Çocuk, mutlu, anladığım kadarıyla çok mutlu. Zaten o kendinden/olduğu şeyden/hissettiklerinden kaçmadı; biseksüeldi, yani zaten istediği şeylerden biri de buydu, o yüzden bu kadar mutlu.

Beni kötü yapan, tekrar aşık olması değil, aşkı bulması oldu belki en önce. Sonra, neden aşkı bulduğunu anlamış olmam belki de.

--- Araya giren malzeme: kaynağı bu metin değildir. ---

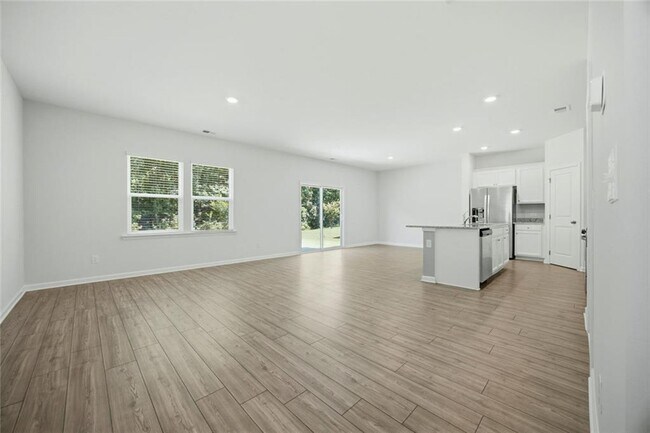 Building Photo - 111 Horned Owl Ave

Daha blogu açalı çok olmadı ama, önceki yazılarımı okuyanlar bilir benim neredeyse tüm depresif yazılarımın Çocuk koktuğunu. Ama onun kötülüğünü ben istemedim ki hiç. Evet, çok kıskandım, o da beni çok kıskandı; ama kötü şeyler düşünmedik hiç, sinir halinde kötü konuşsak da birbirimize...

Çocuk aşık olsun, sevsin, sevilsin; mutlu olsun. Ben çok değer veriyorum ona, biliyorum ki o da bana çok değer veriyor; yaptıklarının hiçbirini benim canımı yakmak için yapmıyor, istemez çünkü ben üzüleyim, bu kadar ağlayayım.

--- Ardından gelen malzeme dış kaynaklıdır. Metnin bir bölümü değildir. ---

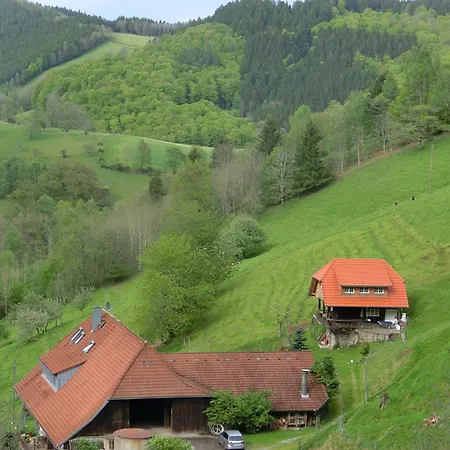 Ferienhaus, Mühlenbach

Üzüldüm, çünkü veremediklerimi, yaşatamadıklarımı gördüm. Belki de Türkiye'de kaldığım müddetçe, yaşayamayacaklarımı ve de.

Ve bilmemkaç senedir kendimle ciddi anlamda barışmışken, bir blogmania'ya gidip, İstanbuldaki beni hiç görmemiş bloggerlara işte bu benim deme cesaretine sahip olabilmişken; tekrar olduğum şeye küsmek, kendimi bu yüzden yaralamak koydu belki de bu kadar.

Kötü olmayacağım dedim de, oldum yine. Ama geçer, geçiyor biliyorum çünkü.

Seviyorum ben sizi, telaşlandırdım belki tek bir cümlemle bile; özürler ve kocaman öpücükler arayan, soran, mail atan, yorum yapan herkese.

Sanal alemden dost mu bulunurmuş diyenlere de, selam & kapak olsun.

Damlo dedi ki...

sen bana verilen en güzel -sanal- hediyelerden birisin.
ama nolduu sanal yetmedi bizee nolduuuu kaynaşıverdik işteee

feanor dedi ki...

//eğreltim: tanışır tanışmak kaynaştık kiii :)

5 cm çıktıysam bugün yanında olmamın payı büyüktür :) Gelmişim iyi ki di mi :)

Damlo dedi ki...

ebeet iyi ki gelmişsin hayatımaaa ve hayatımızaa. her şey süper olacak trust me beybi.

Cimbakuka dedi ki...

Seviyoruz kardeşim seni.

Kim ne derse desin salla gitsin, sıkma canını ;)

feanor dedi ki...

//eğrelti: :)))))

//cimbakuka: öpüyorum deyince hala nereden diyorsunuz ama :P

Evren dedi ki...

tanışmak gerekmez ki kaynaşmak için, kim demiş birbirini anlamak için karşı karşıya gelmek gerektiğini. güzel yürek çık bakayım şimdi bir 5 cm daha yukarı. görebileyim seni. öpebileyim yanaklarından. sarılabileyim sana. aferinnnn...

feanor dedi ki...

//evren: çıktım. 10 cm oldu. Hepten çıkayım, toparlanayım istiyorum biraz.

çok ama çok sağol... :)

efsa dedi ki...

kimbilir belki bir gün bizim de yollarımız kesişir de aynı masada kadeh kaldırmanın ve gülmenin zevkini yaşarız.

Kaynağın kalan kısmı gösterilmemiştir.